**What you should do**
The answer must be an exact copy of the records, with every picture removed.

Recorded data
+++++
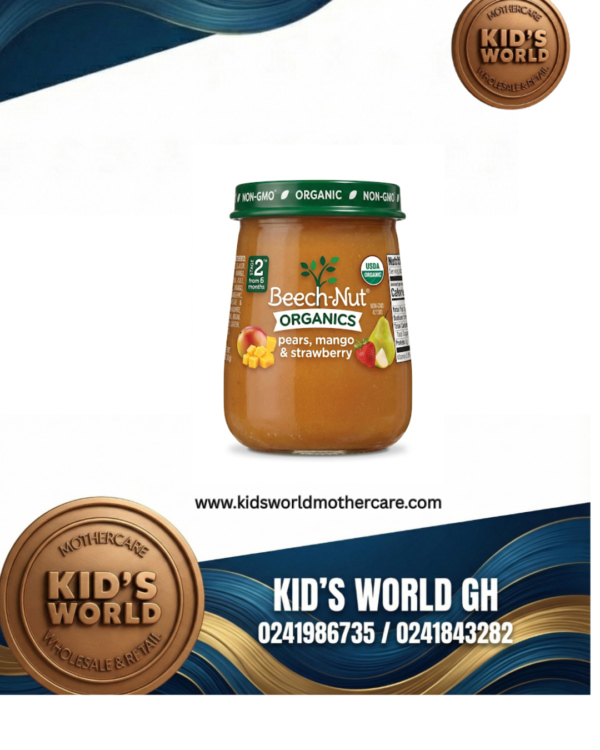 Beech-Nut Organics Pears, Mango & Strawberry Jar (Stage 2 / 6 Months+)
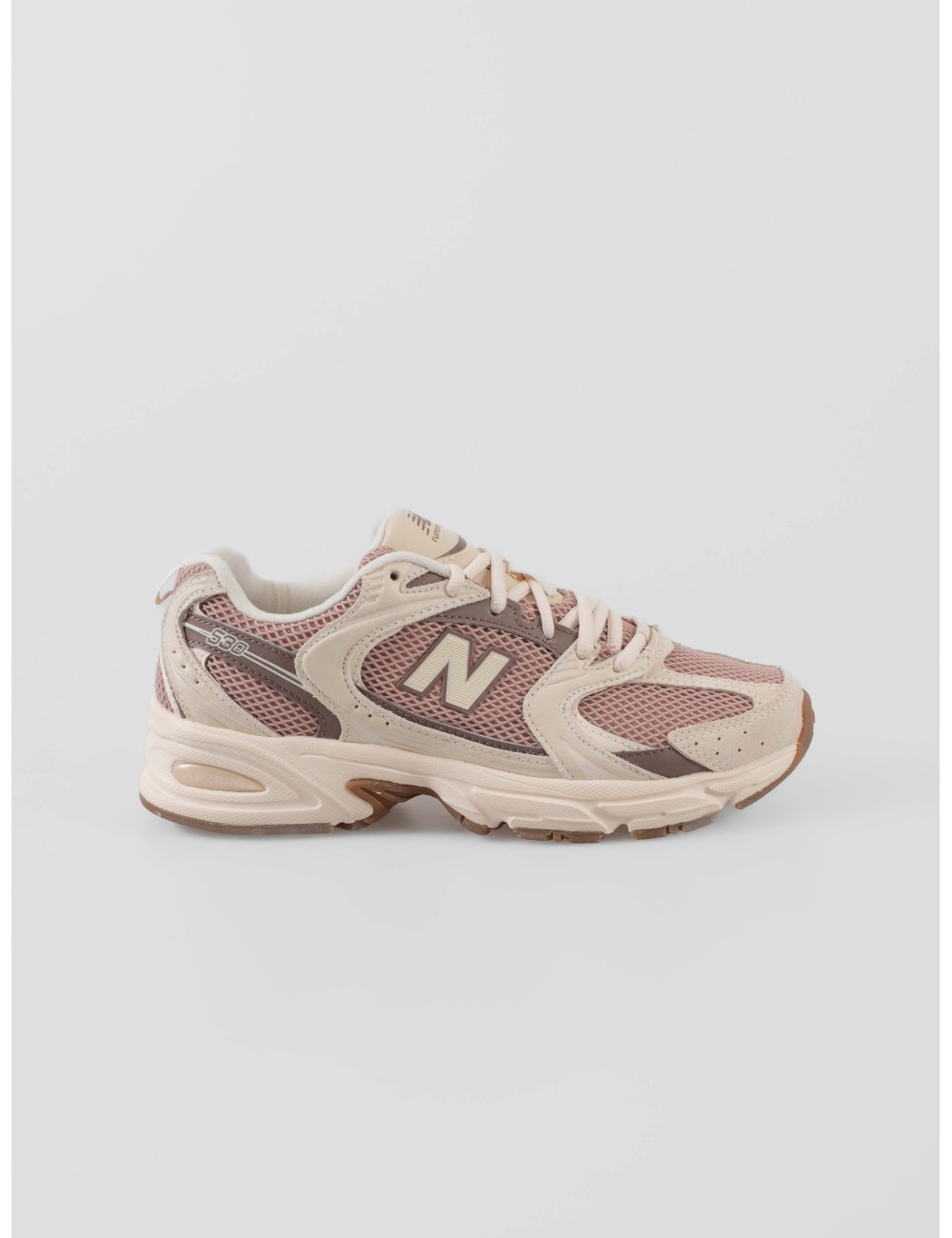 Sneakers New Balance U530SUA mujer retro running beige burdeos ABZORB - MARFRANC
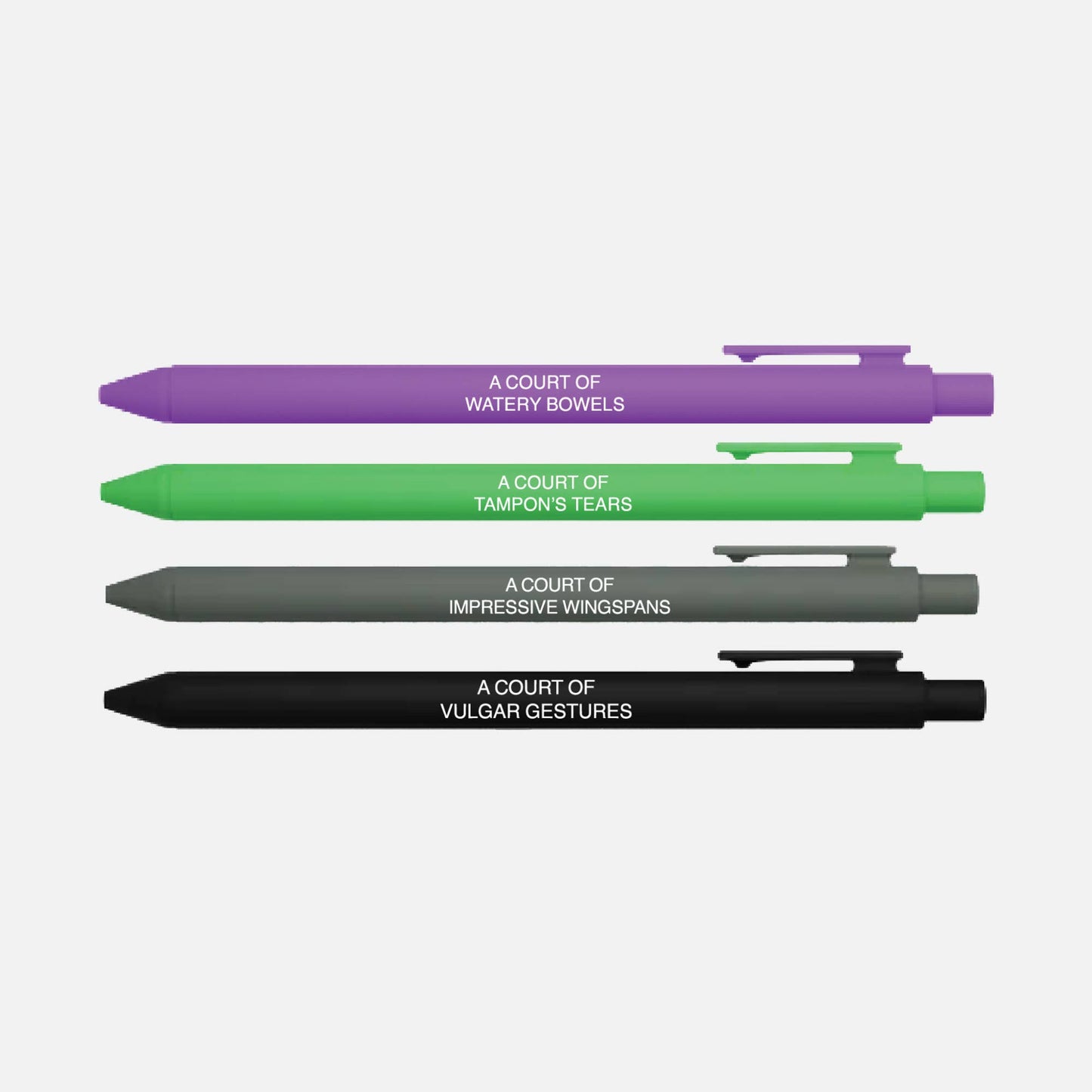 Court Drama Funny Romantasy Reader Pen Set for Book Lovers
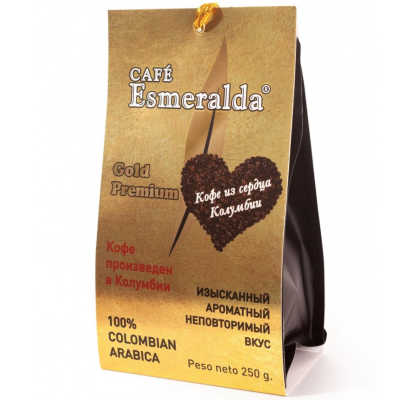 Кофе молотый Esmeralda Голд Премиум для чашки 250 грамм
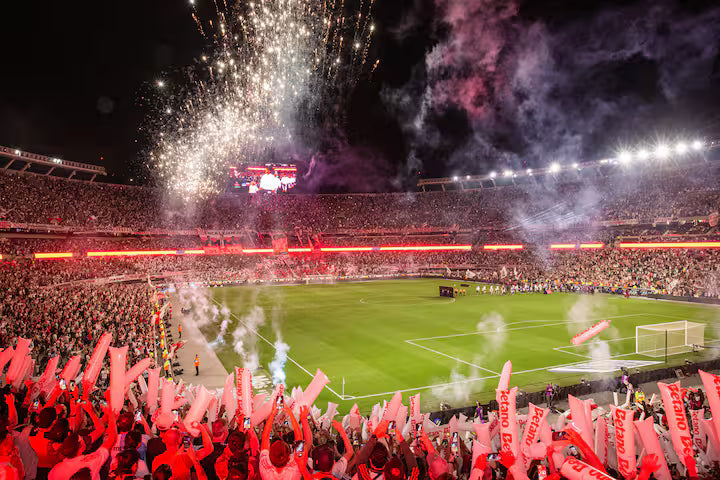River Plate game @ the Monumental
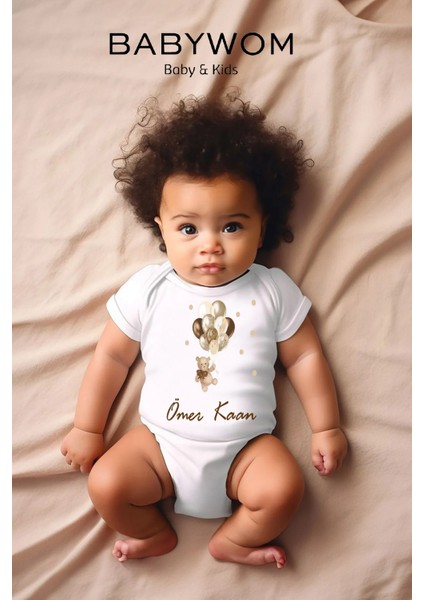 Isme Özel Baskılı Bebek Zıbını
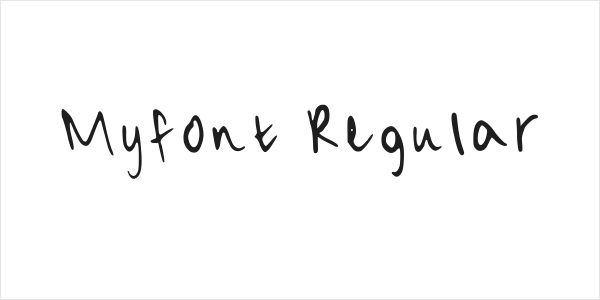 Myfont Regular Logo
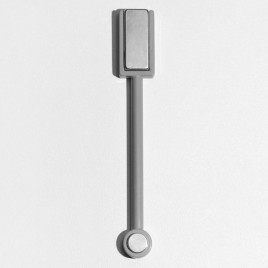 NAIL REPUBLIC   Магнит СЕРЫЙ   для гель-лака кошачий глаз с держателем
+++++
**Response to this exercise**
 Beech-Nut Organics Pears, Mango & Strawberry Jar (Stage 2 / 6 Months+)
 Sneakers New Balance U530SUA mujer retro running beige burdeos ABZORB - MARFRANC
 Court Drama Funny Romantasy Reader Pen Set for Book Lovers
 Кофе молотый Esmeralda Голд Премиум для чашки 250 грамм
River Plate game @ the Monumental
 Isme Özel Baskılı Bebek Zıbını
 Myfont Regular Logo
 NAIL REPUBLIC   Магнит СЕРЫЙ   для гель-лака кошачий глаз с держателем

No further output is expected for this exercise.